**Problem description**.
Once you find the line with "Fleurs printanières au", transcribe it and all the lines that follow to the end of the data, exactly as written; skip any pictures.

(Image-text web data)
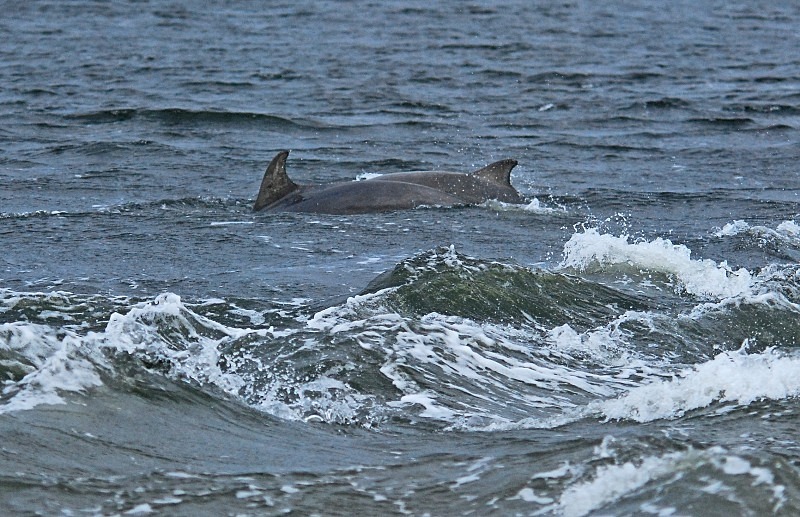 Bottlenose Dolphin - Whales and dolphins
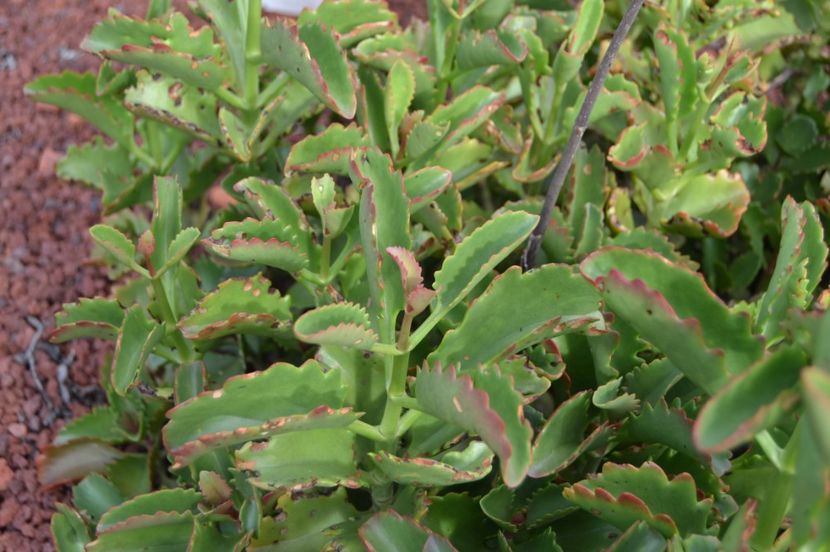  - Royal Botanic Gardens Sydney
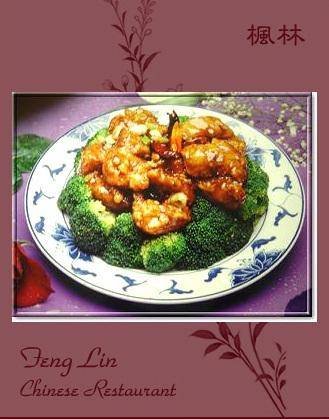  Profile Photos of Feng Lin Chinese Restaurant - FL 1561 S. Congress Ave. - Photo 1 of 16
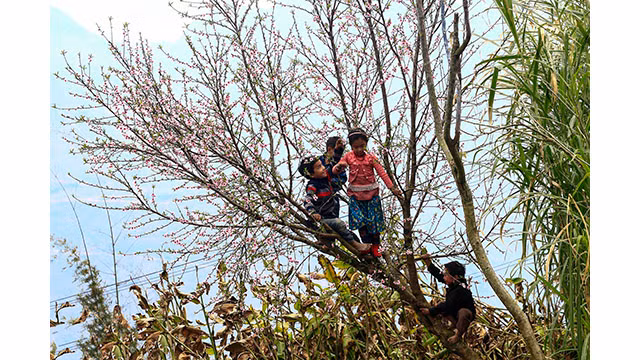 Fleurs printanières au plateau calcaire de Hà Giang ảnh 9
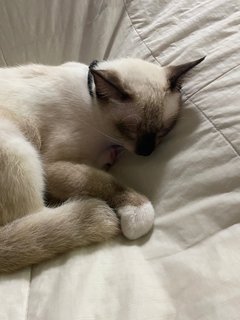 Hiro - Siamese Cat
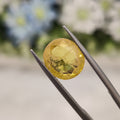 Yellow Sapphire | YS 214 | 5.28 Carat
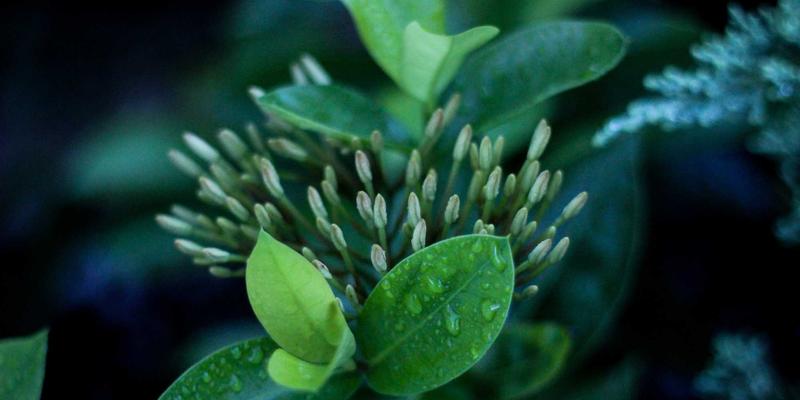 辽源东辽河源头探秘:在碧水清流与城镇脉搏间寻找和谐共生之路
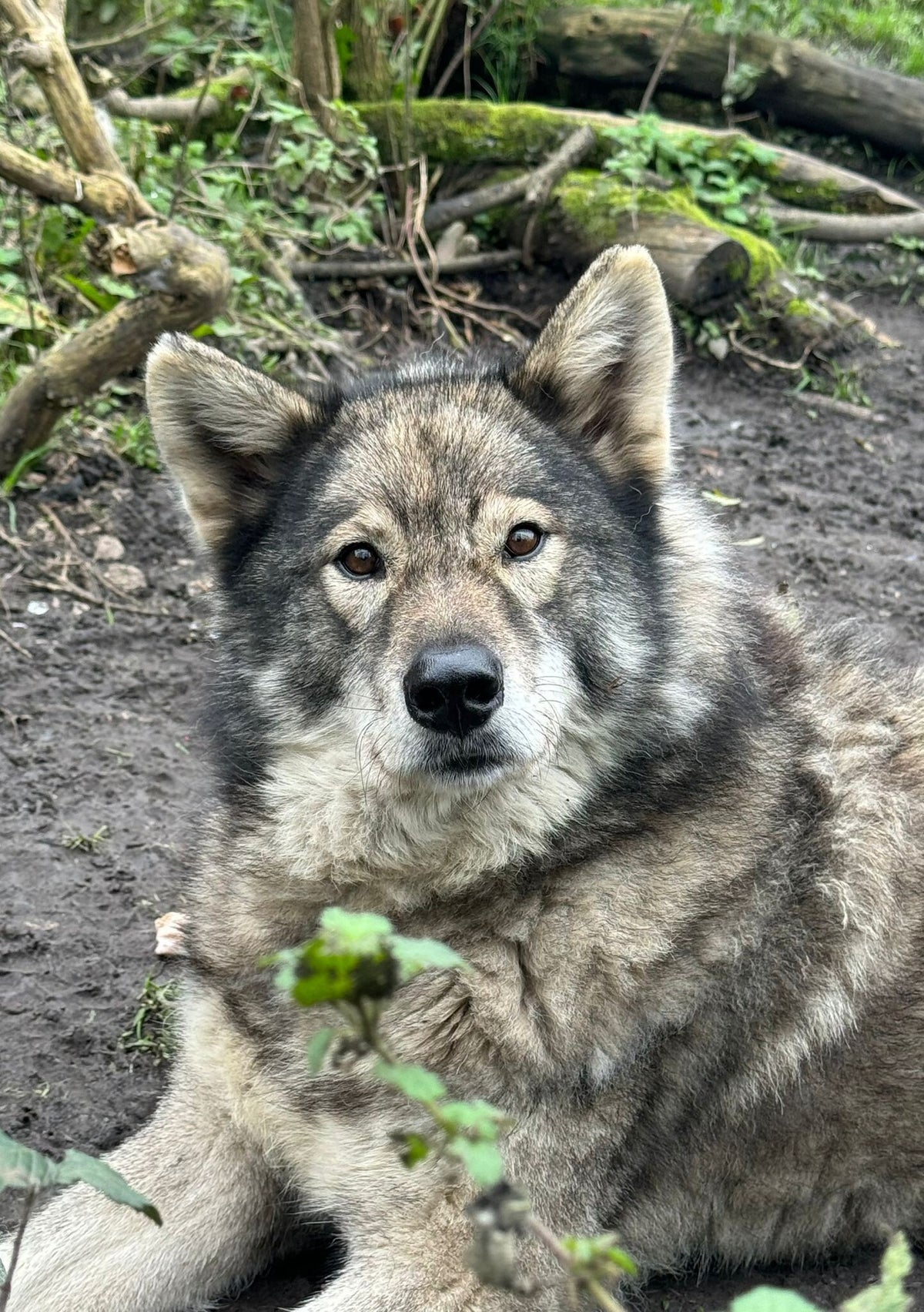 Wolf Mix Hybrid wolves / Mammals / Meet our animals | Greenacres Animal Park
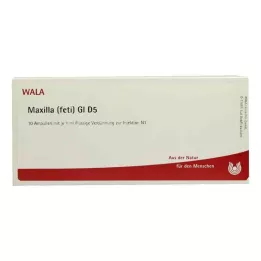 MAXILLA feti GL D 5 ampulí, 10X1 ml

**Answer space**.
 Fleurs printanières au plateau calcaire de Hà Giang ảnh 9
 Hiro - Siamese Cat
 Yellow Sapphire | YS 214 | 5.28 Carat
 辽源东辽河源头探秘:在碧水清流与城镇脉搏间寻找和谐共生之路
 Wolf Mix Hybrid wolves / Mammals / Meet our animals | Greenacres Animal Park
 MAXILLA feti GL D 5 ampulí, 10X1 ml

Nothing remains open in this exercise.